■ **What you are asked to do**: Only one span of the listing below should come back. It runs from the line with "Pdxc20549 -- Audubon" through the line with "Dalmatian dogs Dark green - Ad 34", and each of its lines must be reproduced exactly.

-------- Supplied information --------

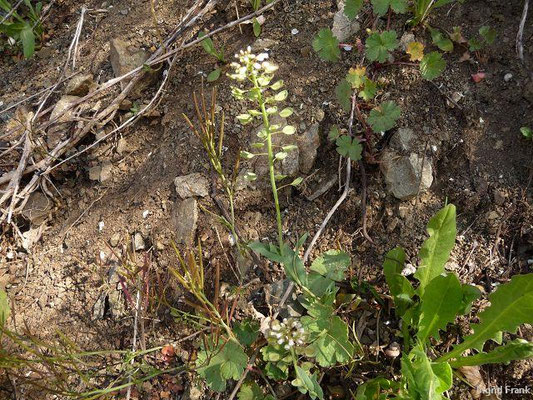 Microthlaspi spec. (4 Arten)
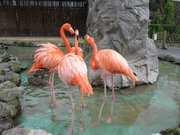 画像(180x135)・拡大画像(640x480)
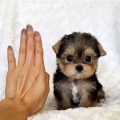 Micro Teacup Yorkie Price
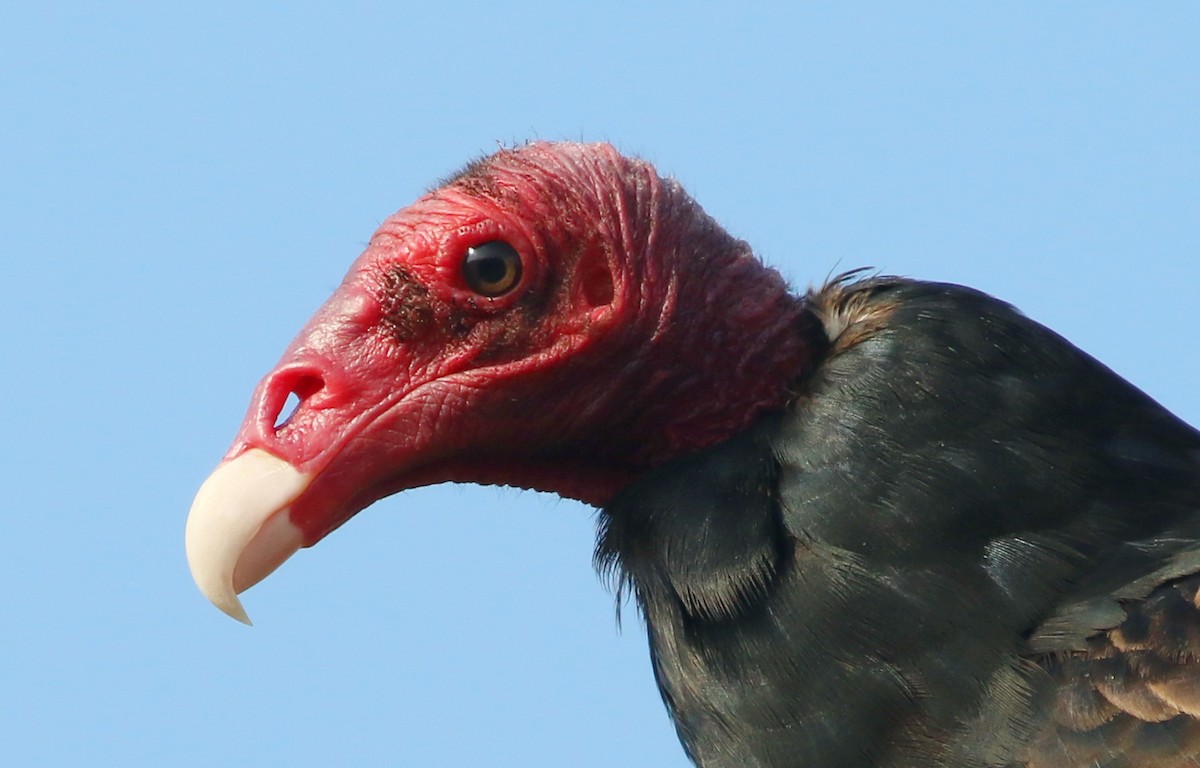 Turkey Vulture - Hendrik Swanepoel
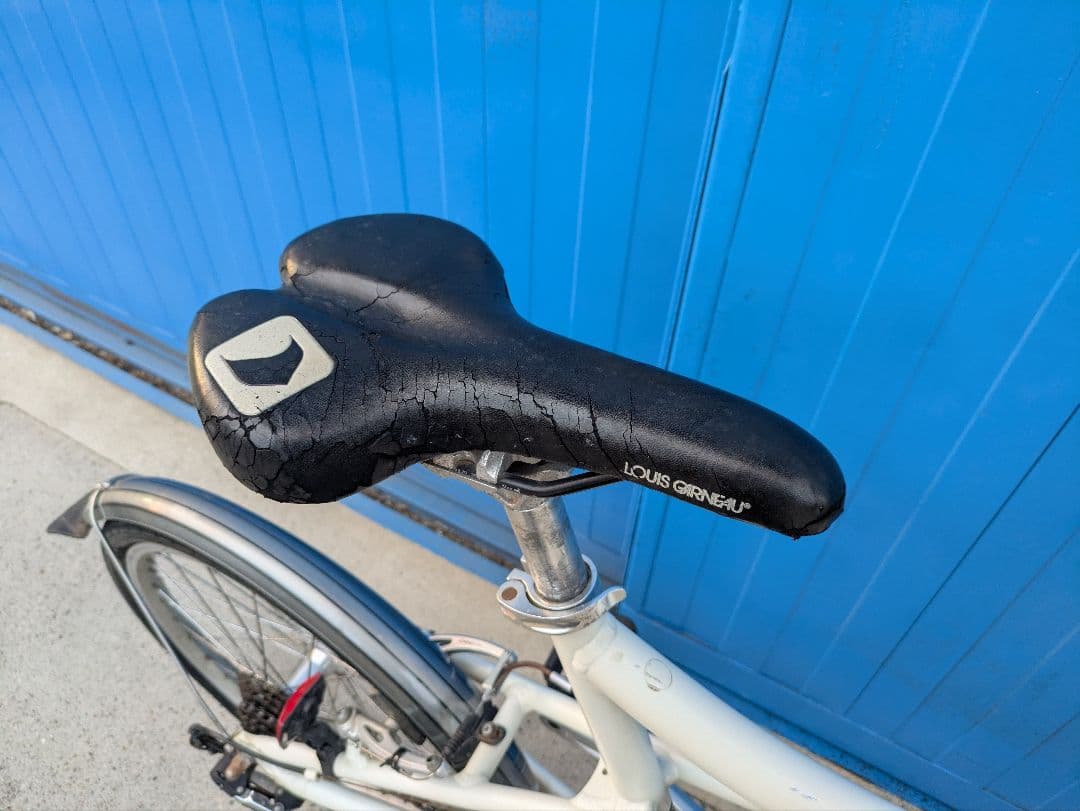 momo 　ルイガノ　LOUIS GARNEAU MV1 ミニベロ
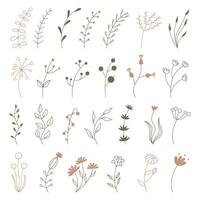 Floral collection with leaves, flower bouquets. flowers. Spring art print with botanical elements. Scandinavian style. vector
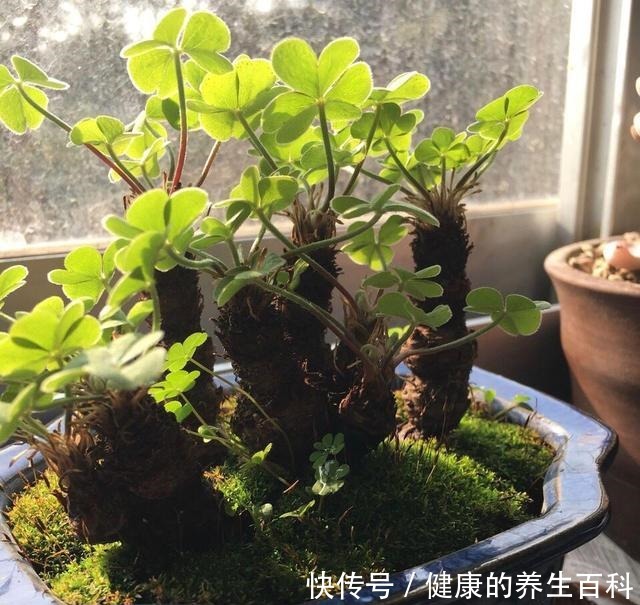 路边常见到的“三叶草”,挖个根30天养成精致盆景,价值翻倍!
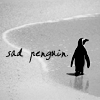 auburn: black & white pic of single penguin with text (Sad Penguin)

--------
-------- Supplied information --------

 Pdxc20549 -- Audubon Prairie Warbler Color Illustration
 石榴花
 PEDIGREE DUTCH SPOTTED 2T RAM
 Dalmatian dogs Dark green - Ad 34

--------

■ **Output below**:
 Pdxc20549 -- Audubon Prairie Warbler Color Illustration
 石榴花
 PEDIGREE DUTCH SPOTTED 2T RAM
 Dalmatian dogs Dark green - Ad 34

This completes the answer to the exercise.